Especially during the school break schedule for many children, as a parent, I sometimes feel the weight and importance of the time spent with my child. I try to advocate being an "intentional parent" as much as possible.
What exactly is an intentional parent? For me, an intentional parent is one who is willing to do the very hard work of helping a child be the best the child can be. The intentional parent does a lot of giving: giving of time, giving of sleep, giving of money, giving of attention—generally, giving mightily of oneself. It is certainly not easy, and as far as I know, is not meant to be.
Every parent—intentional or not—gives their child many things. Some of those “gifts” are things children might not necessarily want to receive (and/or parents don't necessarily want to bestow on children); our bad habits sometimes have a way of living on whether we want them to or not. Nonetheless, most gifts we choose to bestow on our kids.
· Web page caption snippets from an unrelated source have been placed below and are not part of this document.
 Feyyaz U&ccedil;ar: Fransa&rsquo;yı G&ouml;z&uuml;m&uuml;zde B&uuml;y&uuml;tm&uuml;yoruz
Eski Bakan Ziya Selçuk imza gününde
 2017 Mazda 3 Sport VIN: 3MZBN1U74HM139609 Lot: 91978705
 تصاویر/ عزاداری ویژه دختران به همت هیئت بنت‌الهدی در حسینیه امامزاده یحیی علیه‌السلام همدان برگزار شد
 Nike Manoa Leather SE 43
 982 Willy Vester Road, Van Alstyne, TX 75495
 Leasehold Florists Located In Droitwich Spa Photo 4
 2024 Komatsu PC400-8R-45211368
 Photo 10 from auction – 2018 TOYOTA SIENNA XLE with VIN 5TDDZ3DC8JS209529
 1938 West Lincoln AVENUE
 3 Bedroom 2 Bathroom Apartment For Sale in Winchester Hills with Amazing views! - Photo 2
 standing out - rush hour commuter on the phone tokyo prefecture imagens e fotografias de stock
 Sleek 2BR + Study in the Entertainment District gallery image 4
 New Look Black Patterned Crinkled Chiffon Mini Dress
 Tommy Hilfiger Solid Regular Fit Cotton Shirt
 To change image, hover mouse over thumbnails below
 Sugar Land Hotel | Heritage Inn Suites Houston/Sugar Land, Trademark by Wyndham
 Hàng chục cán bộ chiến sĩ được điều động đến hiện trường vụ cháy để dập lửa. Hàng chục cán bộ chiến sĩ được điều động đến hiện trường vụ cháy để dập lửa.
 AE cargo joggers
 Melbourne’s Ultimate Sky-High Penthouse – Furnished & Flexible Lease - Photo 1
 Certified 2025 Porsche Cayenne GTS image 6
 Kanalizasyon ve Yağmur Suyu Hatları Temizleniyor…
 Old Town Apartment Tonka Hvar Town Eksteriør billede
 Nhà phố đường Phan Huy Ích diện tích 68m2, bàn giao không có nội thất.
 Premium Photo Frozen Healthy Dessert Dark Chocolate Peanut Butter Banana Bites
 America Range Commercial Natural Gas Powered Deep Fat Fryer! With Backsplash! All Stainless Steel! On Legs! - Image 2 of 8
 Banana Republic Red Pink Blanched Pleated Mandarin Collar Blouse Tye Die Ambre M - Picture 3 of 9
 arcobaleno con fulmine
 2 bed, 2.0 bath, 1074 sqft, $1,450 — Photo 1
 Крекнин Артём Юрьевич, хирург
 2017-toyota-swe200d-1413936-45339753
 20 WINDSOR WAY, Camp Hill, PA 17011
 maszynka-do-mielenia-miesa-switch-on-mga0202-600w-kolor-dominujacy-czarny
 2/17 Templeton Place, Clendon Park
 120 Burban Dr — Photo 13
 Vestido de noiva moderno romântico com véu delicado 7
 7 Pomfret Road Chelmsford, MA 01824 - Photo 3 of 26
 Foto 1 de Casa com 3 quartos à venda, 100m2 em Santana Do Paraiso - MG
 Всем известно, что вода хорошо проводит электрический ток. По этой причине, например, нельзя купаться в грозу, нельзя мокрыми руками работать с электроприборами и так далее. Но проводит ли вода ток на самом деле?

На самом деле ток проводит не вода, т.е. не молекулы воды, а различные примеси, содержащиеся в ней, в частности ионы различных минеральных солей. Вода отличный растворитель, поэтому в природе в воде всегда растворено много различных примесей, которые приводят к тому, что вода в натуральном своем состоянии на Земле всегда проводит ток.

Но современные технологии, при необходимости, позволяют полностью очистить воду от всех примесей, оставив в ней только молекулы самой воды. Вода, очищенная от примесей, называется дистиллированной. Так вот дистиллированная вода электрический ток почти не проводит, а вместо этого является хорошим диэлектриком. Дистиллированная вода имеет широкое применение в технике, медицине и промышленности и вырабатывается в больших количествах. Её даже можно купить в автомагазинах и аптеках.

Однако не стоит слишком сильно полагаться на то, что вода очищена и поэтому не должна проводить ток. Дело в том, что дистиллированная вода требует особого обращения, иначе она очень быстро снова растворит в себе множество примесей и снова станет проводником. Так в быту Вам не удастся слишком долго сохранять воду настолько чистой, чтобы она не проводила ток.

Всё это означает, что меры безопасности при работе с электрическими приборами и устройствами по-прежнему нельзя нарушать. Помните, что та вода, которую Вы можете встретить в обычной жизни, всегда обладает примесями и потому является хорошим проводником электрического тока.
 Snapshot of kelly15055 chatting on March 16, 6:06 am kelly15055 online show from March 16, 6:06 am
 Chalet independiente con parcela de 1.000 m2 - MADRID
Parental “gifts” say a lot about parents. Some just want to get through the child-rearing years with as little effort as possible...to survive, they will give the child whatever is demanded, so the kid will be quiet and stop bugging them, so that the parent can carry on with whatever the parent is focused on. Some choose to give their child the “in thing” or what's most popular, without necessarily considering whether that thing will be the most helpful. Some move through their children's worlds deliberately and purposefully; these parents give what is useful, after carefully thinking through what would be best.
That is an intentional parent. Easy? Certainly not. Going unrecognized? Probably. Helping to create a better world for their child and the world beyond them? For sure. That's an intentional parent.